UpTrain Statistics 👨‍🔬

Calculate standard (and custom) metrics over your data

Distances

UpTrain provides various measures to analyze the distance of embeddings. These measures can help in determining whether the model is overfitting or underfitting, and how much the embeddings are changing over time. UpTrain currently supports the following measures for measuring distances between data points:

1. Norm ratio: This measure calculates the ratio of the current embeddings' norm to the initial embeddings' norm. If the norm ratio is close to 1, it indicates that the embeddings have not changed much from the initial embeddings. A large change in the norm ratio can indicate that the model is overfitting or underfitting.

2. L2-norm distance: This measure calculates the L2-norm distance between the current and initial embeddings.

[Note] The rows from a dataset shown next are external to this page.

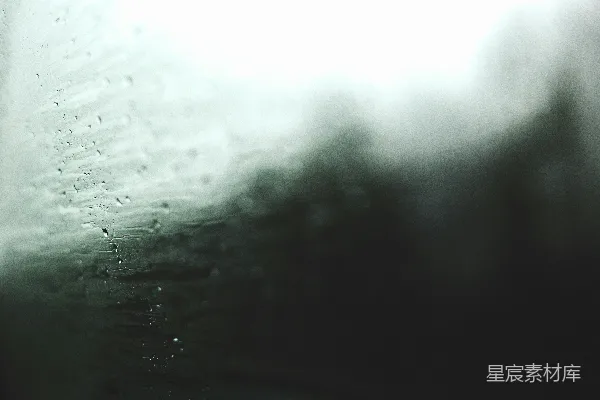 高清摄影 窗户上挂着雨滴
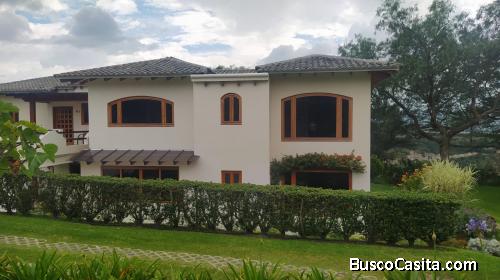 Hermoso departamento por estrenar con vista a jardines 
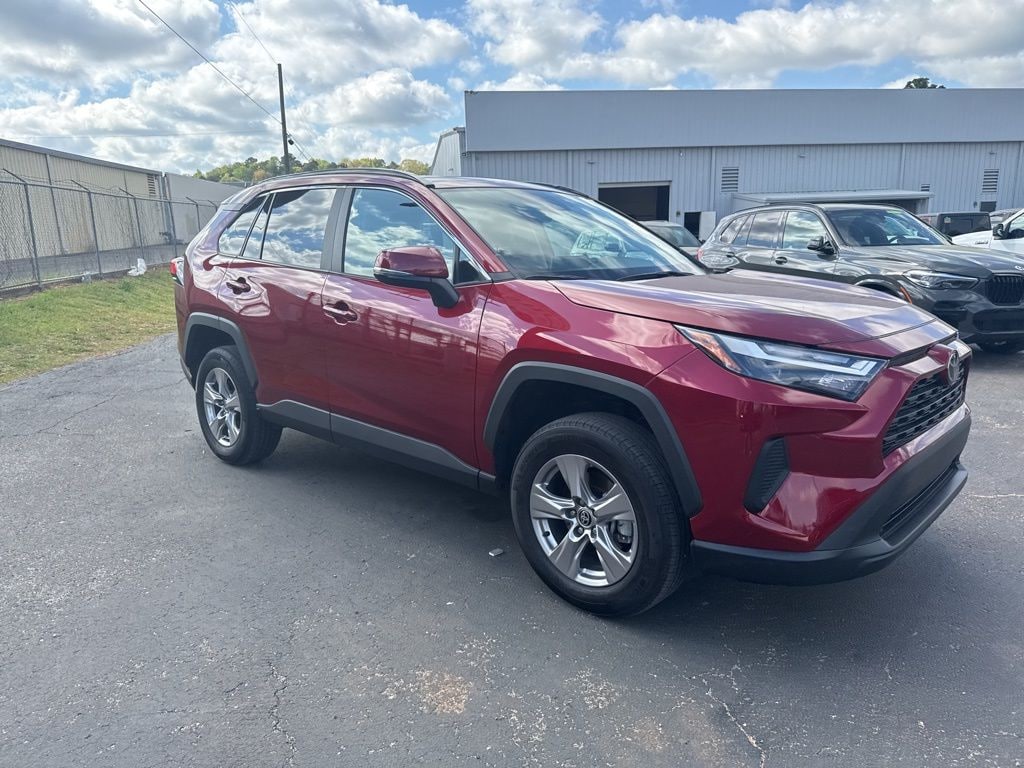 Used 2025 Toyota RAV4 XLE SUV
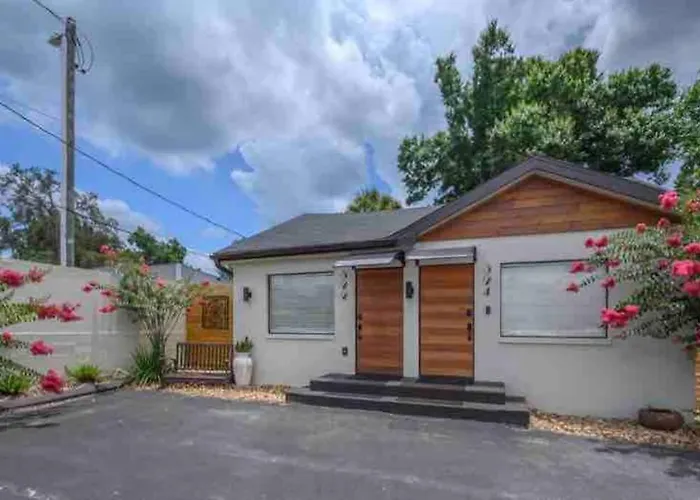 Chic Pad In Center Of Seminole Heights-322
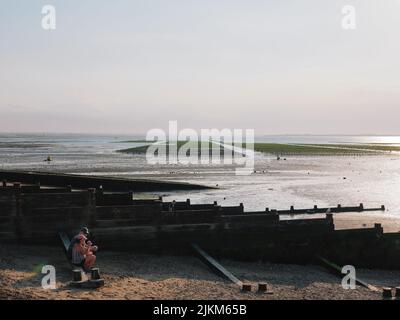 Die berühmten Austernbetten bei Ebbe in Whitstable Kent England Großbritannien - Nord-Kent Küste Küste Themse Mündung Stockfoto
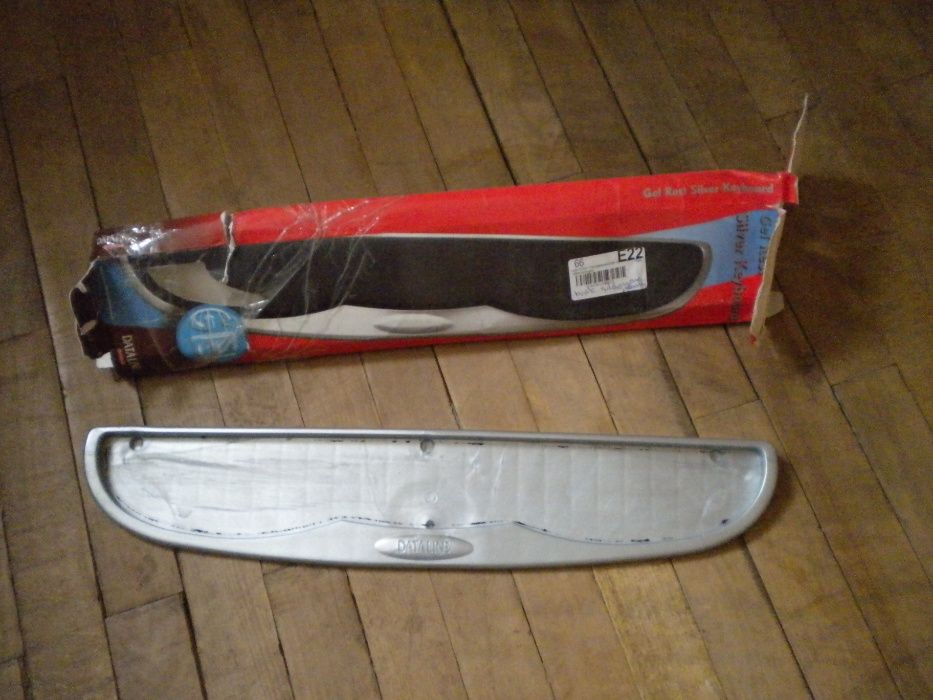 Підставка під зап'ястя подставка под запястье пошкоджена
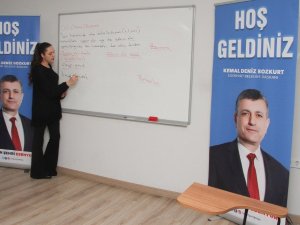 Esenyurt Belediyesi’nden gençlere online eğitim desteği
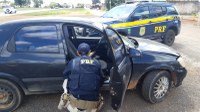PRF recupera carro roubado na BR 040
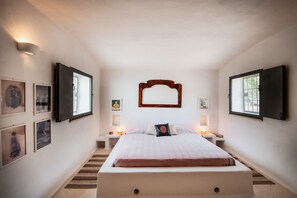 2 bedrooms, desk, iron/ironing board, free WiFi - Old trullo and lamia in one hectar garden pool with view. (Ostuni)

3. Cosine distance: This measure calculates the cosine distance between the current and initial embeddings. Unlike the norm ratio and L2-norm distance, cosine distance considers the direction of the embeddings.

The following is how we can define the check for the distance between embeddings

distance_check = {
    'type': uptrain.Statistic.DISTANCE,
    "model_args": [{
        'type': uptrain.MeasurableType.INPUT_FEATURE,
        'feature_name': 'model_type',
        'allowed_values': ['batch', 'realtime'],
        }],
    'reference': "initial",
    "distance_types": ["cosine_distance", "norm_ratio", "l2_distance"],
}

Here, model_args defines the models that we want to compare, and the reference is the initial embedding (another option is the running difference). Further, we calculate all three distance_types defined above.

In the following figure, we check the comparison between the two model_typesin terms of cosine distance from the initial embedding, and note that for the realtime model, the learning happens much earlier compared to the batch model.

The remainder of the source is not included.